#### Assignment:
Print verbatim every line starting at the one that contains "Image of Kreme" and ending at the final line of the records; include both endpoints.

(Short text fragments from websites)
■ ■ ■

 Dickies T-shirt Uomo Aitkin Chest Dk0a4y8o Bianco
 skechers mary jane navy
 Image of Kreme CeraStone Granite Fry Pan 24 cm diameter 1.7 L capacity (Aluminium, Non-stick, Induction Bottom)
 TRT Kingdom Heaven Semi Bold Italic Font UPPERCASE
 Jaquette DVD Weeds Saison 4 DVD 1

■ ■ ■

#### Result of the task:
 Image of Kreme CeraStone Granite Fry Pan 24 cm diameter 1.7 L capacity (Aluminium, Non-stick, Induction Bottom)
 TRT Kingdom Heaven Semi Bold Italic Font UPPERCASE
 Jaquette DVD Weeds Saison 4 DVD 1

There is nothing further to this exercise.